▸ **Exercise brief**
Beginning with the line containing "Texas Rangers 2023 World Series Champions" and going on through the line containing "Nike Men's Navy", the lines below are to be returned exactly, pictures excluded and nothing added.

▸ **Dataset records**
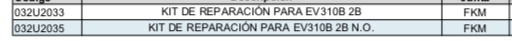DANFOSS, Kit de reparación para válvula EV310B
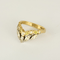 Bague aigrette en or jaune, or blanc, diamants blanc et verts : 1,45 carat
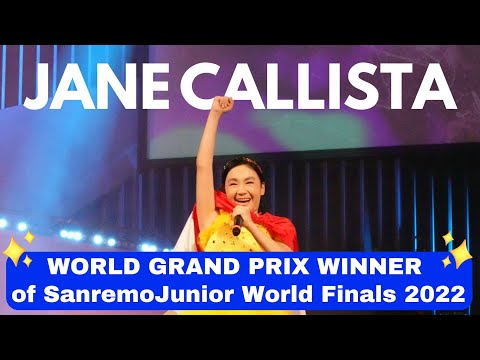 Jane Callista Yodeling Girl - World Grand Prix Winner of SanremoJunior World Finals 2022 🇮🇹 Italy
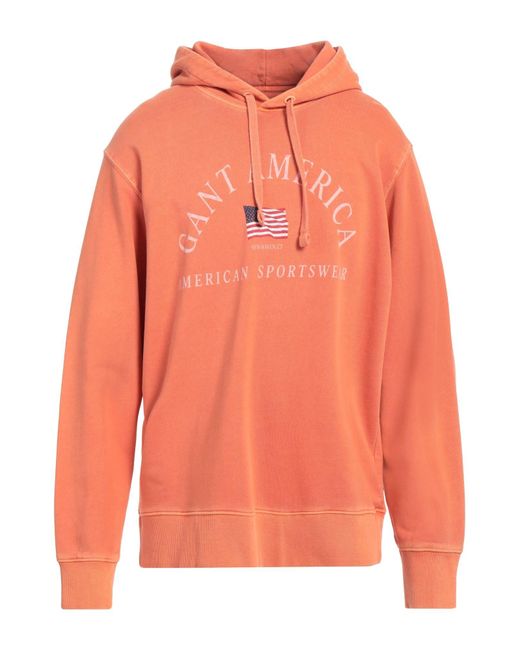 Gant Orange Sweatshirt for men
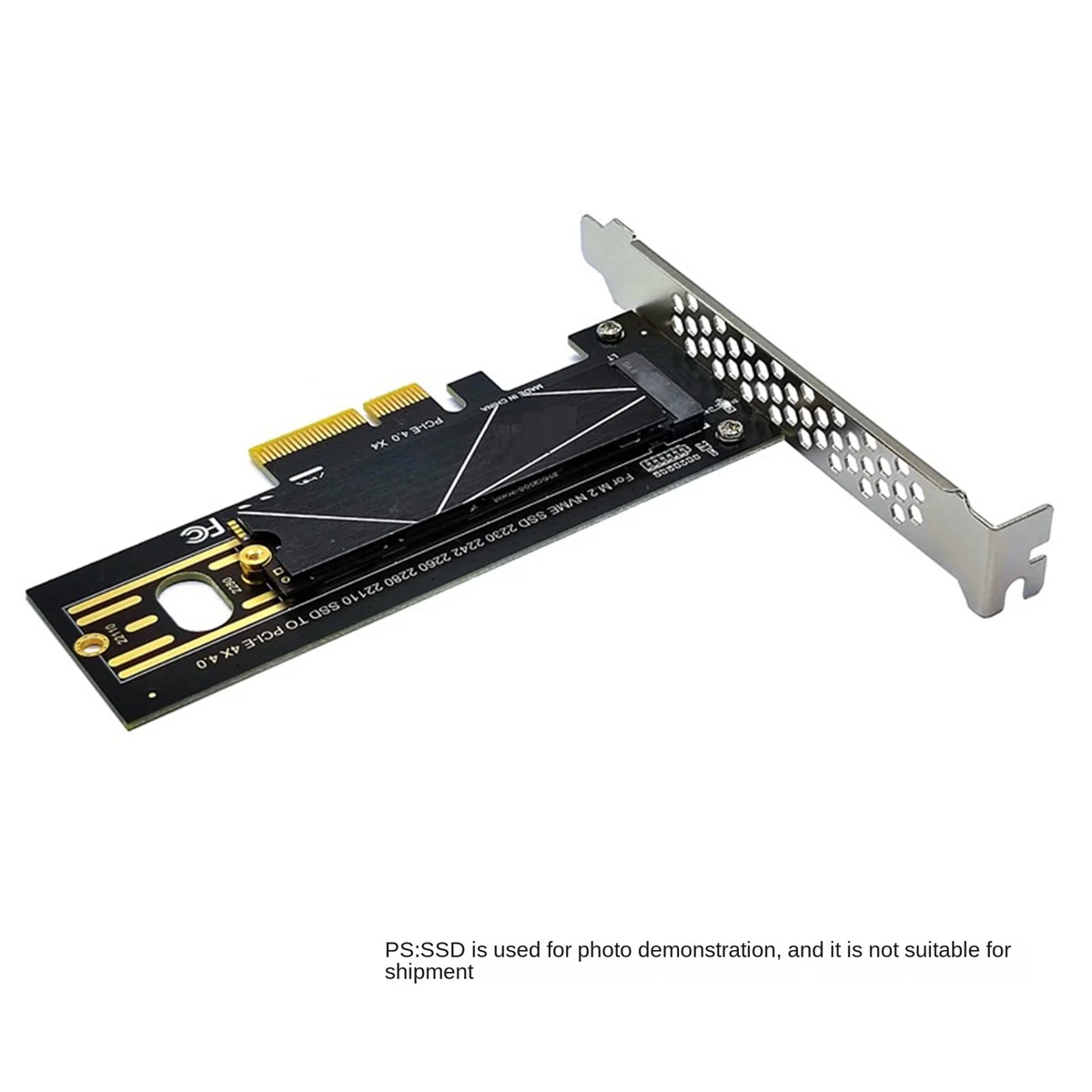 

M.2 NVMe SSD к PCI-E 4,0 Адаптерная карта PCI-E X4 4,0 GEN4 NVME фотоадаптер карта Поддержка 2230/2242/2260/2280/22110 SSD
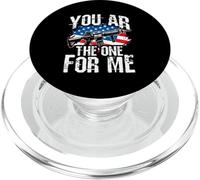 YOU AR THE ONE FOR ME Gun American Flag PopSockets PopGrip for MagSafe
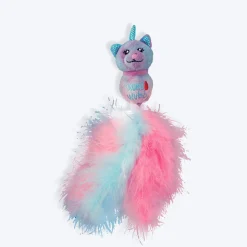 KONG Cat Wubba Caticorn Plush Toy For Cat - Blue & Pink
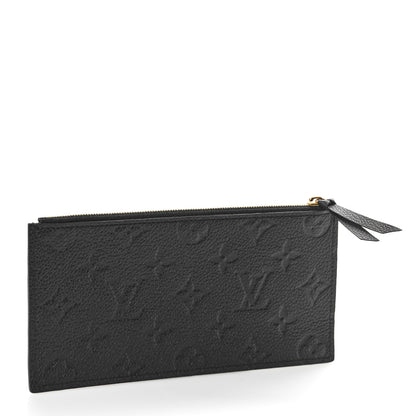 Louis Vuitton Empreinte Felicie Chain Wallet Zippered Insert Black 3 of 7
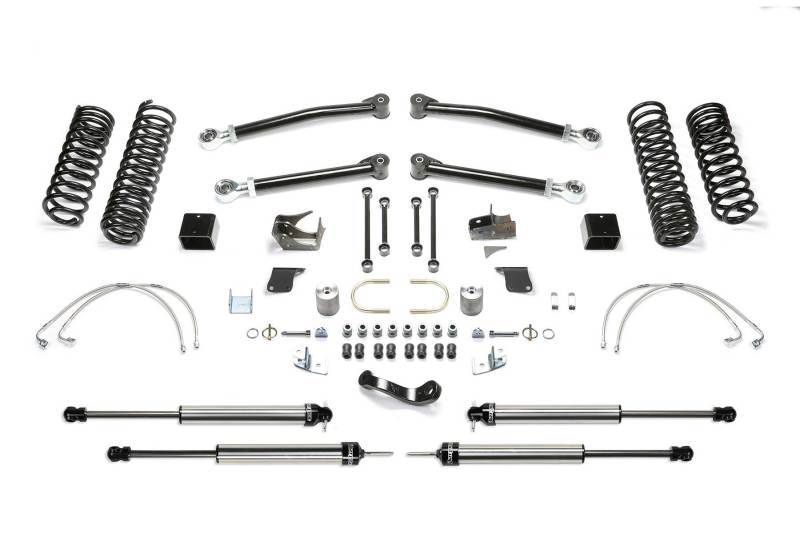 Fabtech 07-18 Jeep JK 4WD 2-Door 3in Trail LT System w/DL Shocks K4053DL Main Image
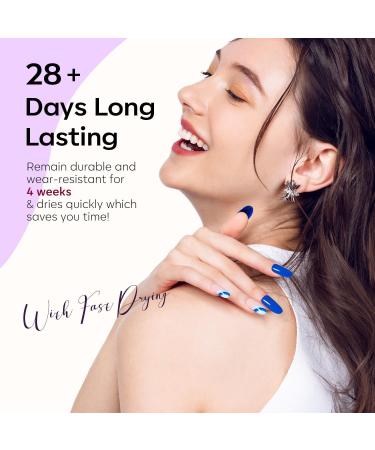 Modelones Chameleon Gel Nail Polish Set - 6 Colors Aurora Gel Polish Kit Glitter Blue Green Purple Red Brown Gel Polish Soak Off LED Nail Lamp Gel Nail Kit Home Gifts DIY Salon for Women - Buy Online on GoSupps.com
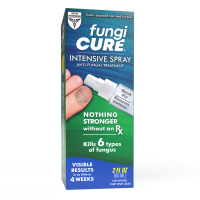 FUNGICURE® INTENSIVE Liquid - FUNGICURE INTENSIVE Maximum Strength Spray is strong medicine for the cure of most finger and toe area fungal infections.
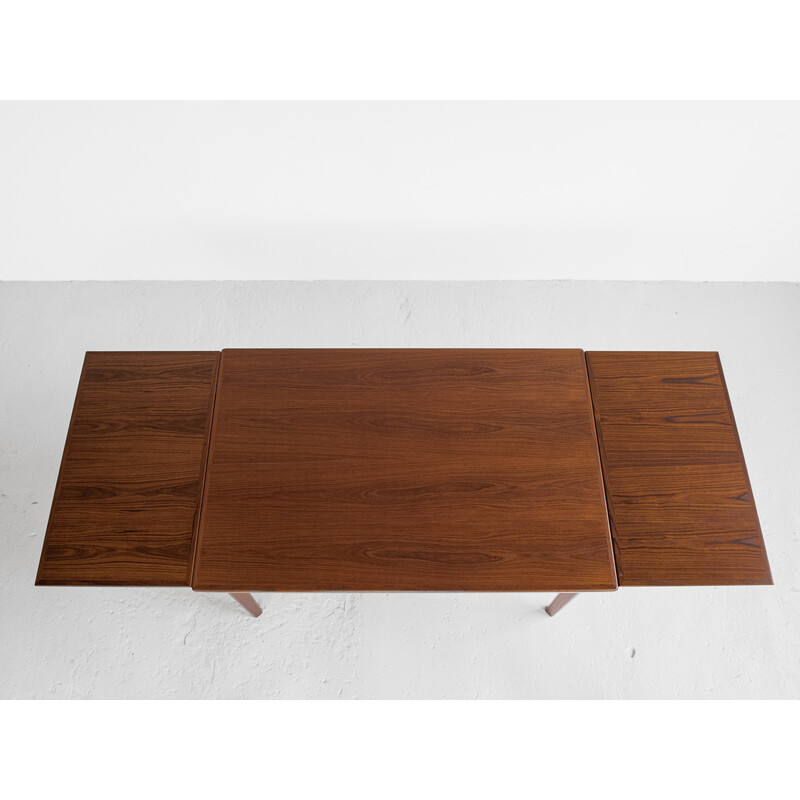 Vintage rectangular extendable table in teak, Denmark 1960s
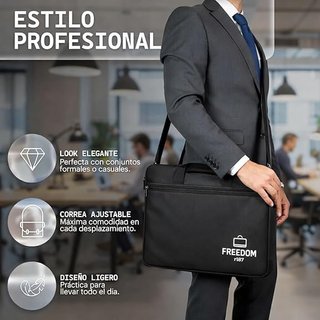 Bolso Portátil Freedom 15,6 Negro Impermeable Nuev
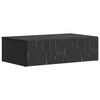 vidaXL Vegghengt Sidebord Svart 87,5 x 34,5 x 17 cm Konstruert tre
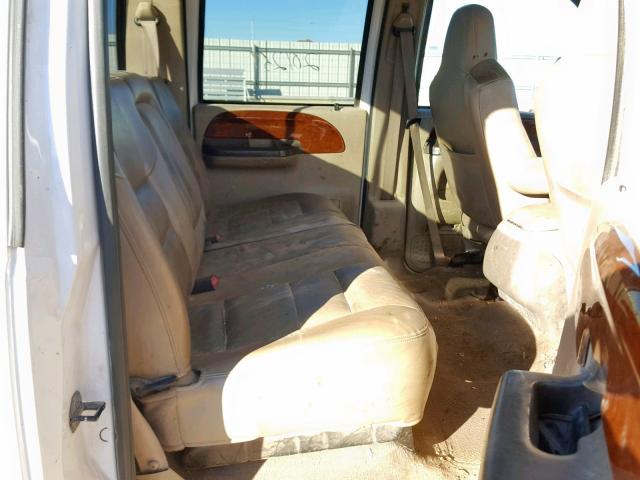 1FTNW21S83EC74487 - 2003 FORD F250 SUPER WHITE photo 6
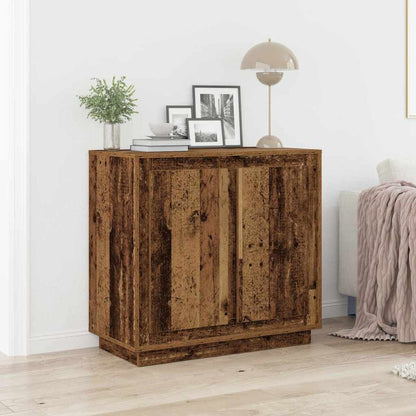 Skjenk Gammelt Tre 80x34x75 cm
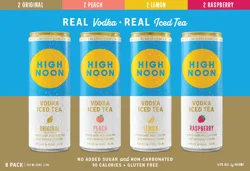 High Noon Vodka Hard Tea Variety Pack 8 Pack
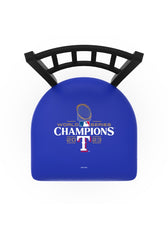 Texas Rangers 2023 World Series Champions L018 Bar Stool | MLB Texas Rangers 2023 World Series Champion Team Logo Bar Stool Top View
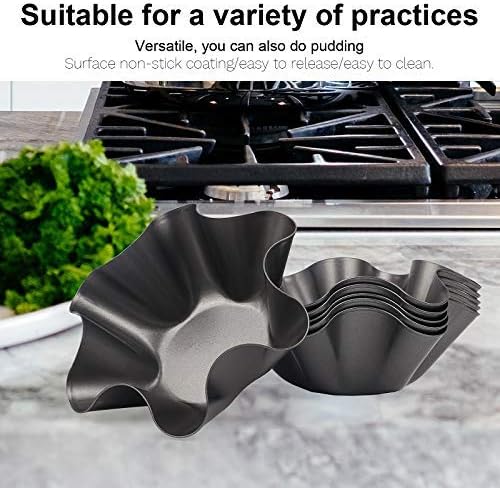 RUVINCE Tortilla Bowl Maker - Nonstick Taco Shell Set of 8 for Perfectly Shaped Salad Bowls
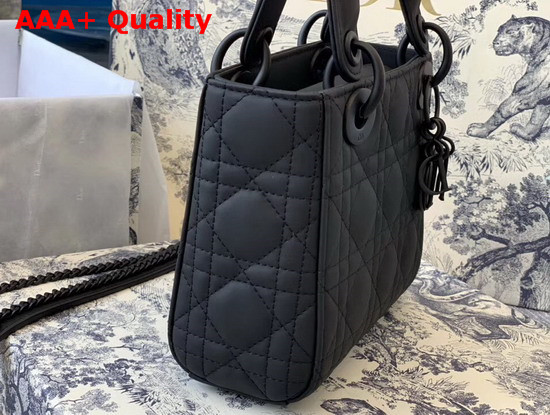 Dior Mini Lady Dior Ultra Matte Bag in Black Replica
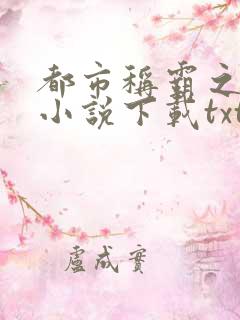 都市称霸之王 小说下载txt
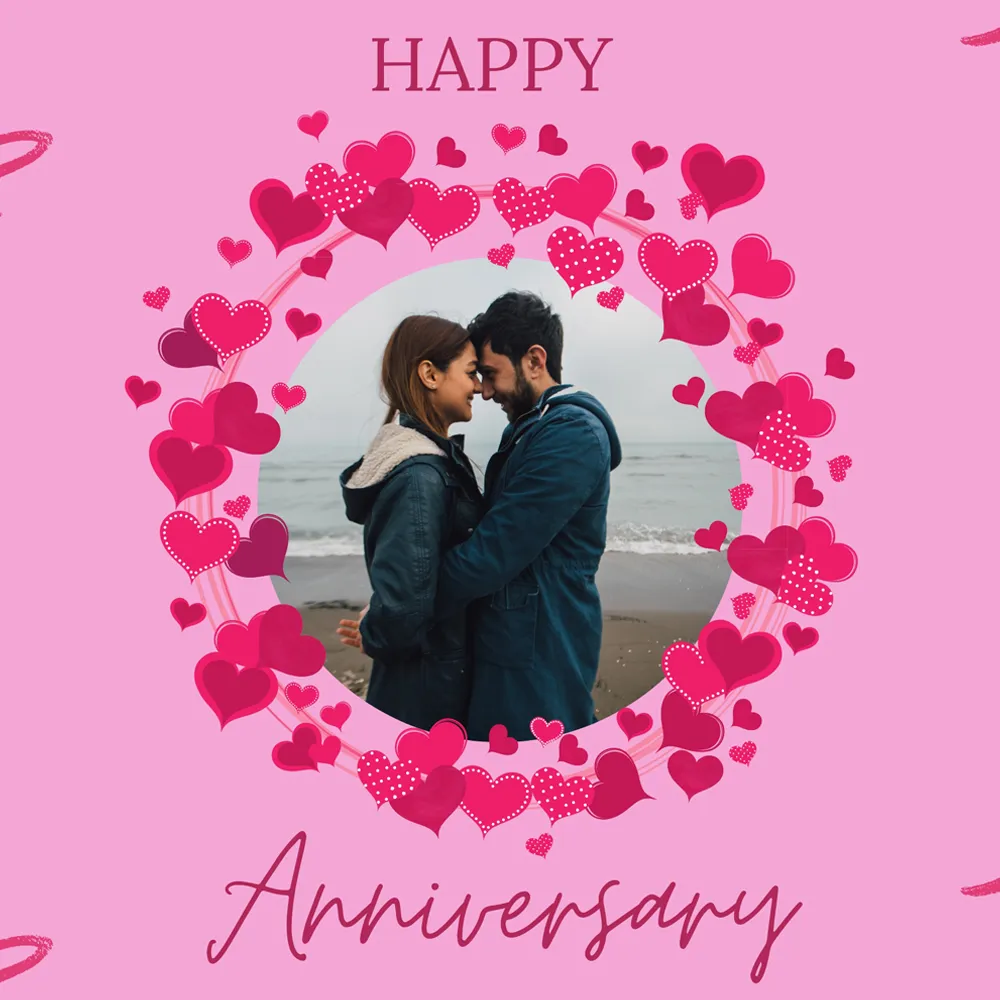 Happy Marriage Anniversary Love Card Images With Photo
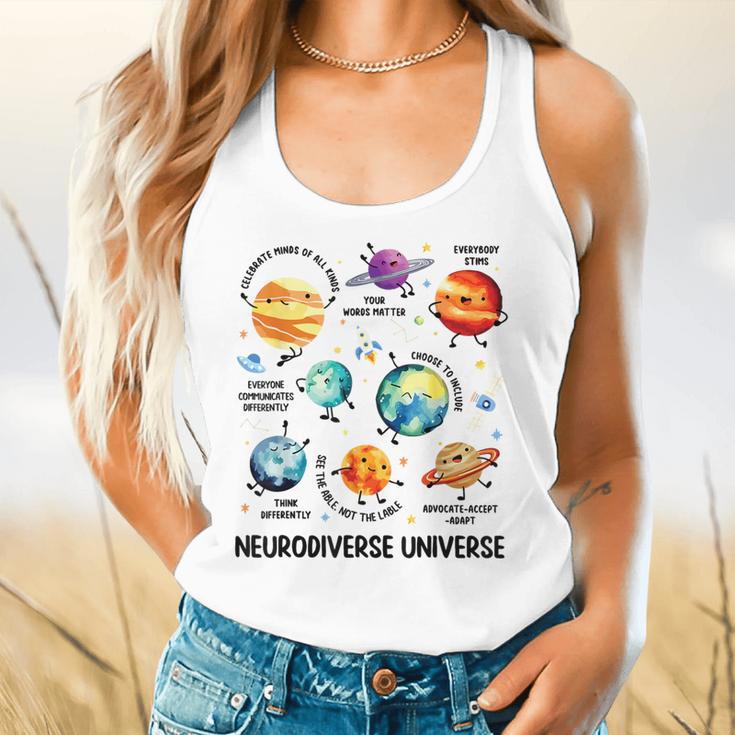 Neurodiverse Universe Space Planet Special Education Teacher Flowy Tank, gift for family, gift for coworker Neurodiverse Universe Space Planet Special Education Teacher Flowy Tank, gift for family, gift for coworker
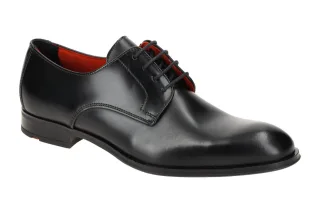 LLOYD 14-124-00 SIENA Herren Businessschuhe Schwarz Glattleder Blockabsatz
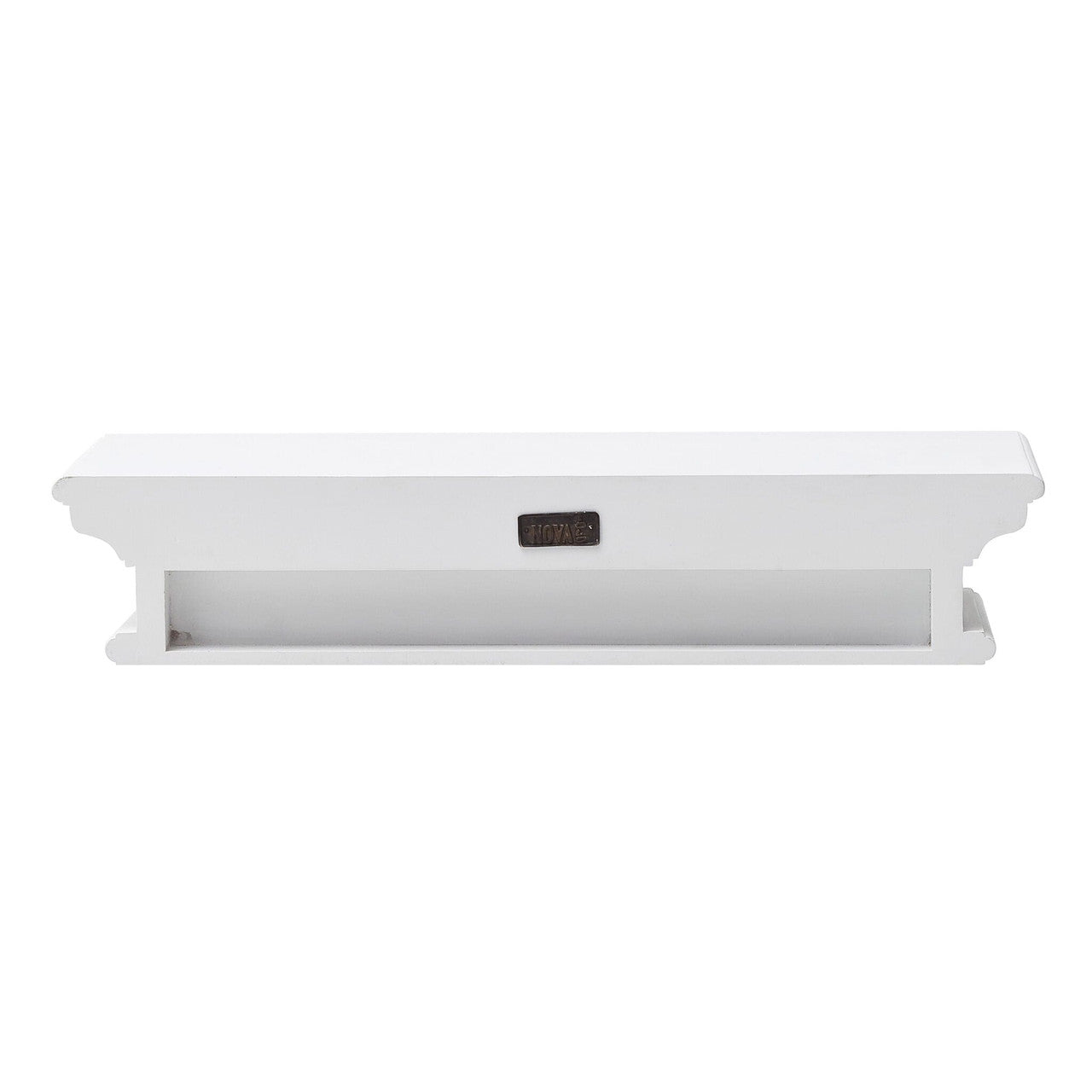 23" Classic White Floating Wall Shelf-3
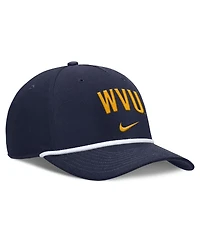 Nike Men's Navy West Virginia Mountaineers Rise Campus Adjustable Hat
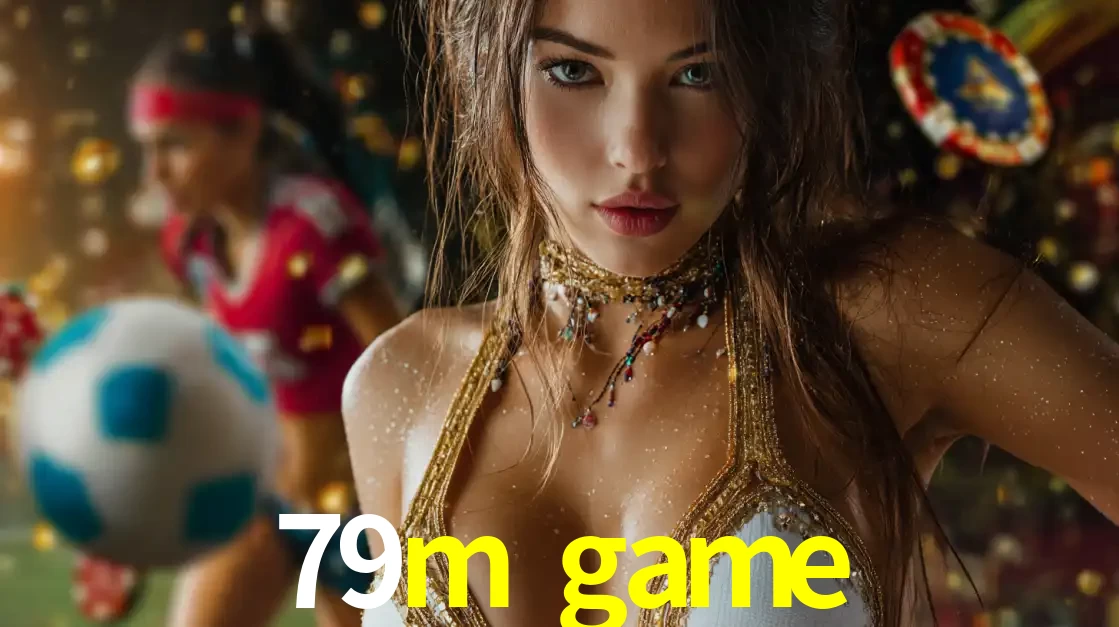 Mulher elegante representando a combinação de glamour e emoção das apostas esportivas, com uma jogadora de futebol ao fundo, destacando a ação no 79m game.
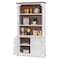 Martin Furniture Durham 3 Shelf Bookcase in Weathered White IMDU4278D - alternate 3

▸ **Response area**
 Texas Rangers 2023 World Series Champions L018 Bar Stool | MLB Texas Rangers 2023 World Series Champion Team Logo Bar Stool Top View
 RUVINCE Tortilla Bowl Maker - Nonstick Taco Shell Set of 8 for Perfectly Shaped Salad Bowls
 Dior Mini Lady Dior Ultra Matte Bag in Black Replica
 都市称霸之王 小说下载txt
 Happy Marriage Anniversary Love Card Images With Photo
 Neurodiverse Universe Space Planet Special Education Teacher Flowy Tank, gift for family, gift for coworker Neurodiverse Universe Space Planet Special Education Teacher Flowy Tank, gift for family, gift for coworker
 LLOYD 14-124-00 SIENA Herren Businessschuhe Schwarz Glattleder Blockabsatz
 23" Classic White Floating Wall Shelf-3
 Nike Men's Navy West Virginia Mountaineers Rise Campus Adjustable Hat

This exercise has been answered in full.